+++ Extracted records +++

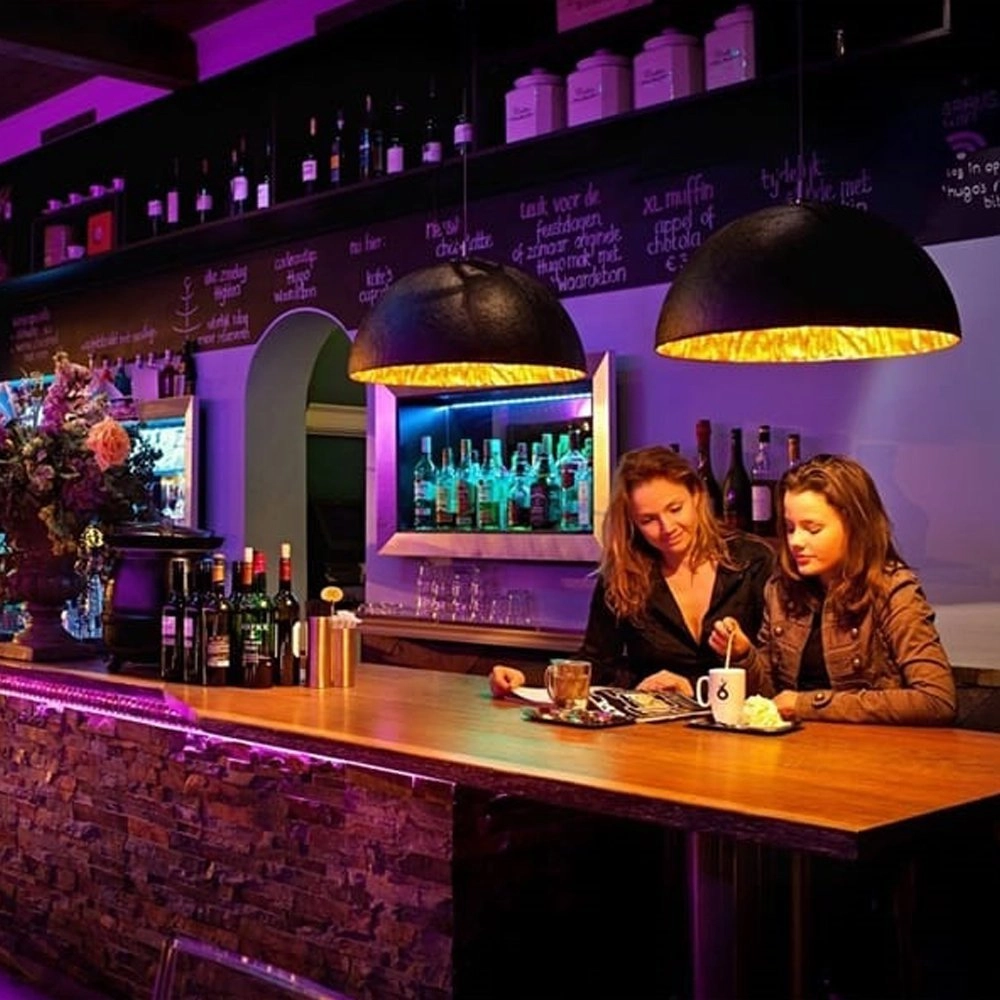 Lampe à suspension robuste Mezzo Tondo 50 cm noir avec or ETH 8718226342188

+++
+++ Extracted records +++

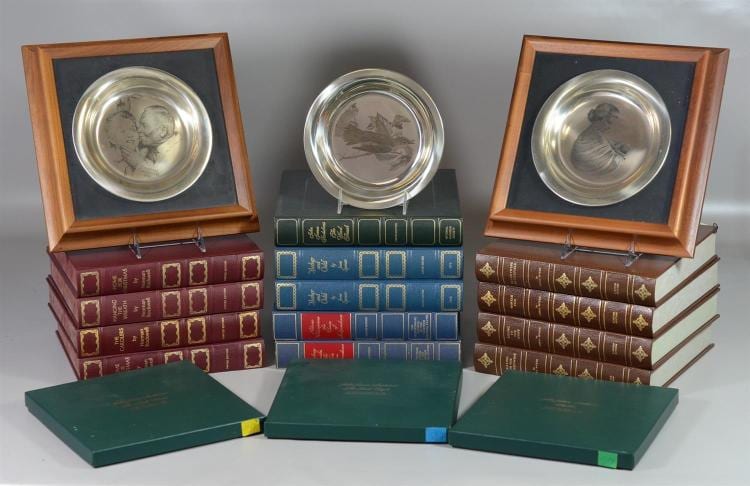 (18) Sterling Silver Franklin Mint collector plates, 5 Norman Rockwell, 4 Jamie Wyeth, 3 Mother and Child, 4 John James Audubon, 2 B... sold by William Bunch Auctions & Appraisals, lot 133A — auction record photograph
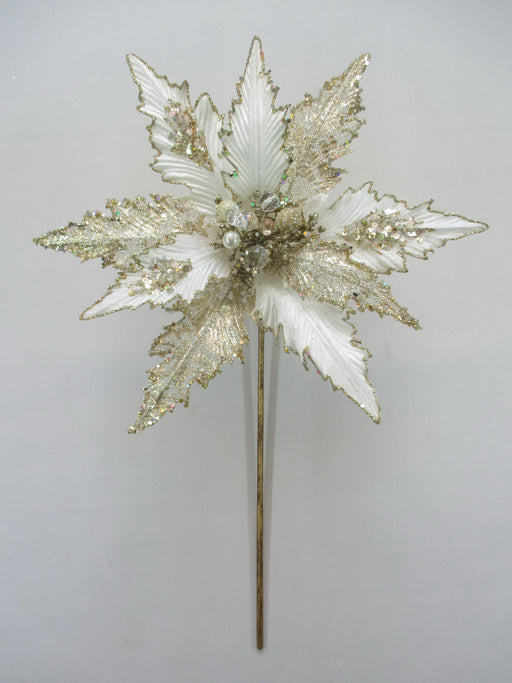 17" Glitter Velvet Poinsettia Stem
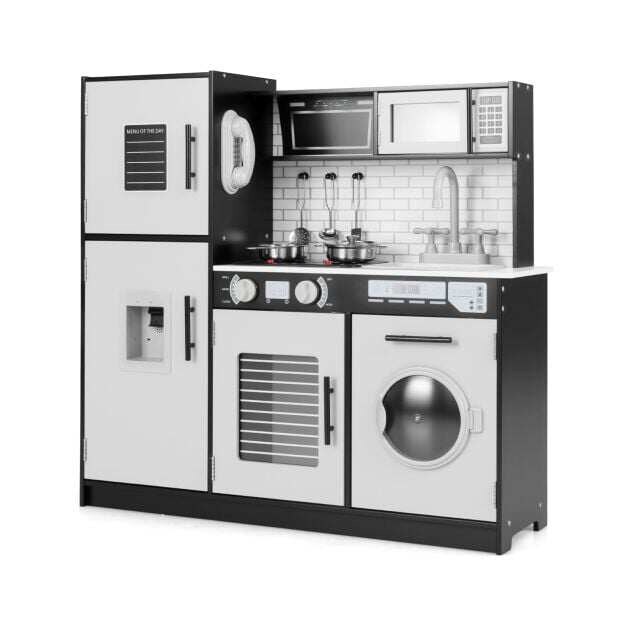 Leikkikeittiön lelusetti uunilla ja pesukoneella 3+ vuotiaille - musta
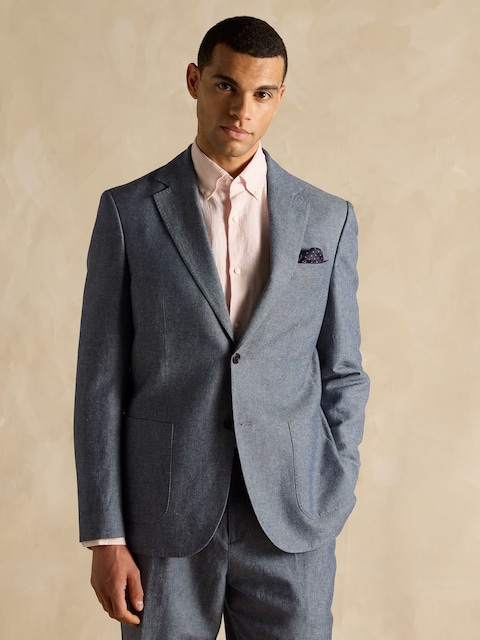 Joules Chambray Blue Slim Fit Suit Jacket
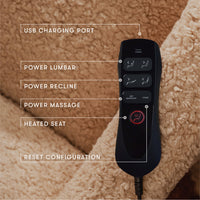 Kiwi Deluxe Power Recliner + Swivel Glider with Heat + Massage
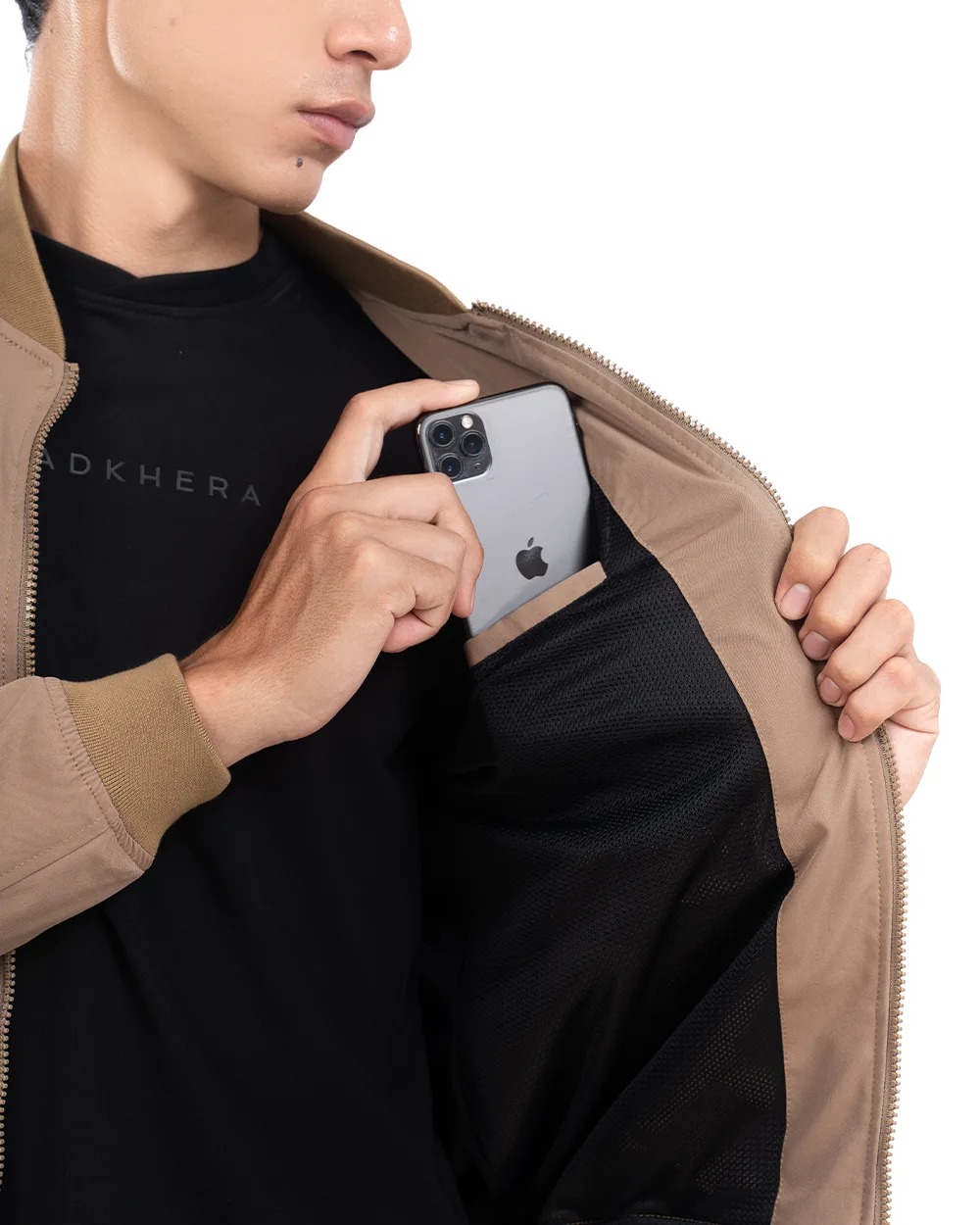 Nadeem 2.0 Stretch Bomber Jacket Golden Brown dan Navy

+++
+++ Extracted records +++

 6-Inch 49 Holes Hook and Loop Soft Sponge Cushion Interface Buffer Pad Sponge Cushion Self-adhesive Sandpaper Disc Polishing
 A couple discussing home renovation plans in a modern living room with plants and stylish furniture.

+++

§ To do
Give back exactly the lines above that run from the one with "Joules Chambray Blue Slim Fit Suit Jacket" to the one with "Nadeem 2.0 Stretch", including both, with the pictures left out.

§ Task answer
 Joules Chambray Blue Slim Fit Suit Jacket
 Kiwi Deluxe Power Recliner + Swivel Glider with Heat + Massage
 Nadeem 2.0 Stretch Bomber Jacket Golden Brown dan Navy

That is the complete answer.